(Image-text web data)

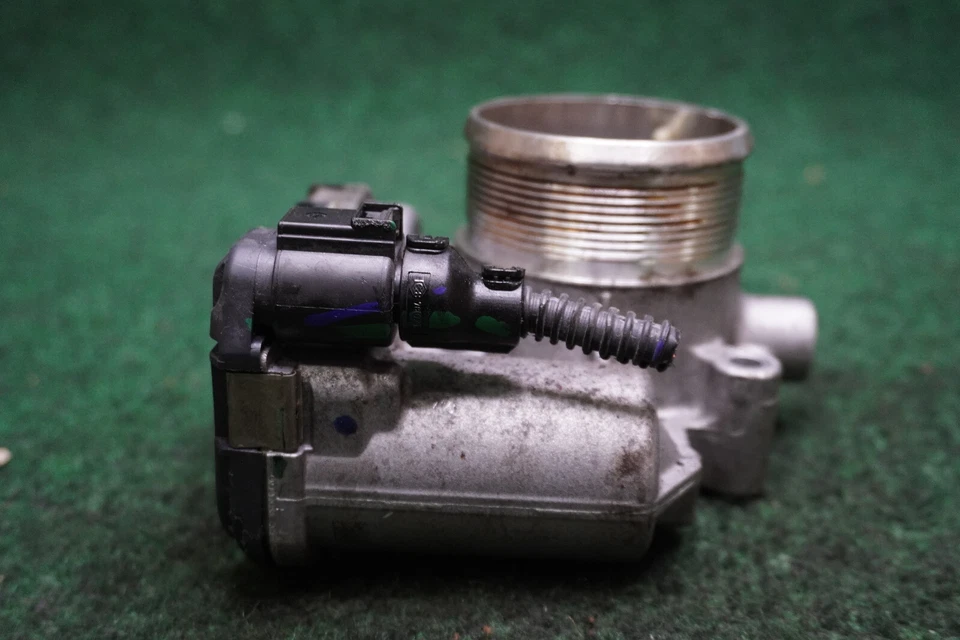 Volkswagen Tiguan 2021 2,0 L carrocería del acelerador OEM 06K133062AN Foto 4 de 4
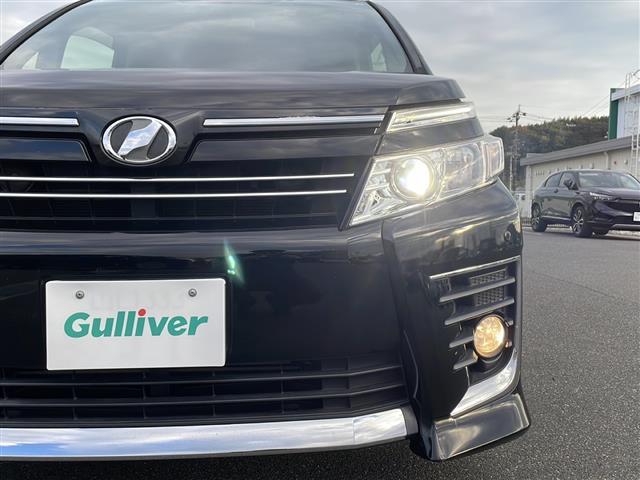 ヴォクシー ＺＳ　煌　純正メモリナビ　Ｂｌｕｅｔｏｏｔｈ　フルセグＴＶ　バックカメラ　両側パワースライドドア　純正フリップダウンモニター　スマートキー　プッシュスタート　前方ドライブレコーダー　コーナーセンサー　ＥＴＣ（39枚目）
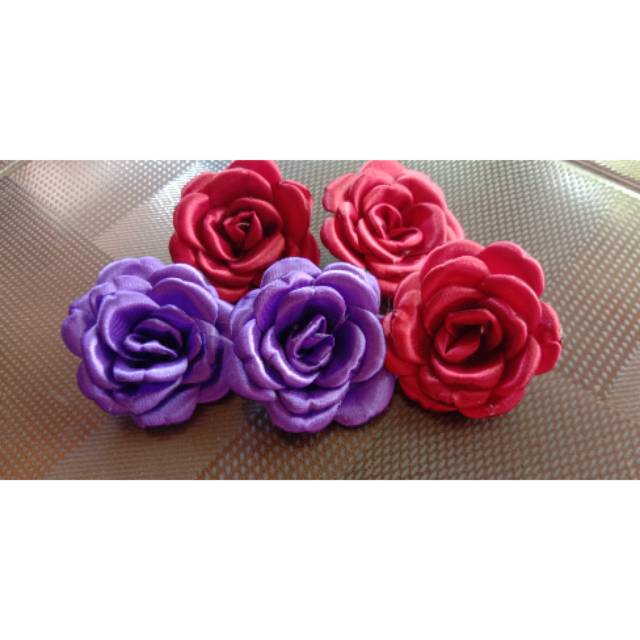 

Gardenia flower/bunga pita satin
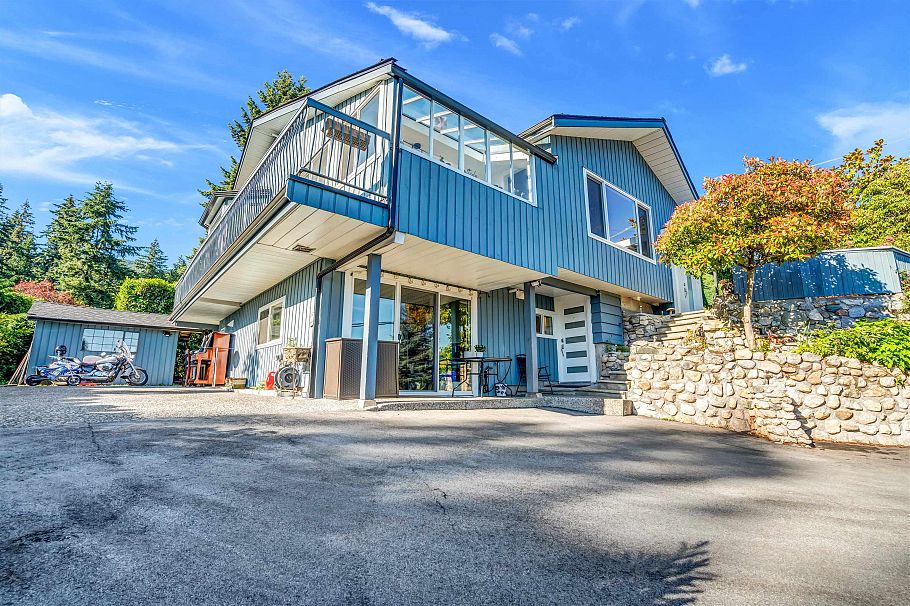 300 W Balmoral Road North Vancouver, BC - 1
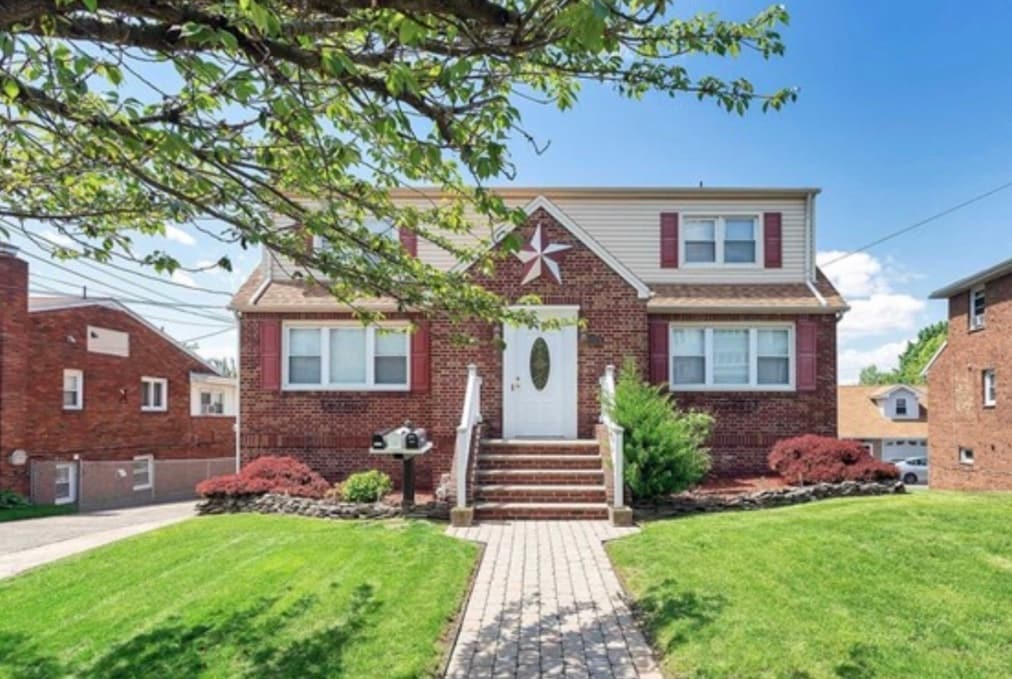 225 Orient Way, Lyndhurst, NJ 07071 Apartment for Rent in Lyndhurst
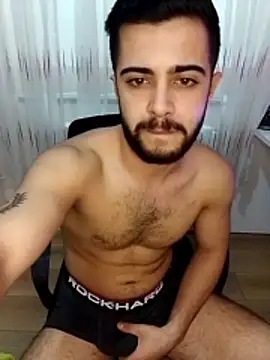 Snapshot of Ozi1910 chatting on 10-25-25, 02:35 Ozi1910 online show from 10-25-25, 02:35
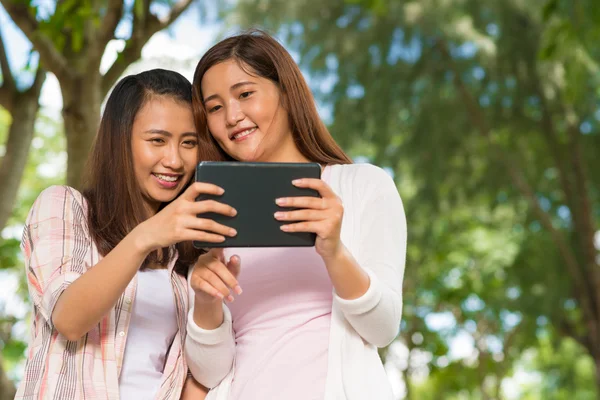 Due ragazze che utilizzano tablet digitale — Foto Stock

Exercise details ▸ Your copy should be the entries retyped exactly, with no images in it.

Answer area ▸
 Volkswagen Tiguan 2021 2,0 L carrocería del acelerador OEM 06K133062AN Foto 4 de 4
 ヴォクシー ＺＳ　煌　純正メモリナビ　Ｂｌｕｅｔｏｏｔｈ　フルセグＴＶ　バックカメラ　両側パワースライドドア　純正フリップダウンモニター　スマートキー　プッシュスタート　前方ドライブレコーダー　コーナーセンサー　ＥＴＣ（39枚目）

Gardenia flower/bunga pita satin
 300 W Balmoral Road North Vancouver, BC - 1
 225 Orient Way, Lyndhurst, NJ 07071 Apartment for Rent in Lyndhurst
 Snapshot of Ozi1910 chatting on 10-25-25, 02:35 Ozi1910 online show from 10-25-25, 02:35
 Due ragazze che utilizzano tablet digitale — Foto Stock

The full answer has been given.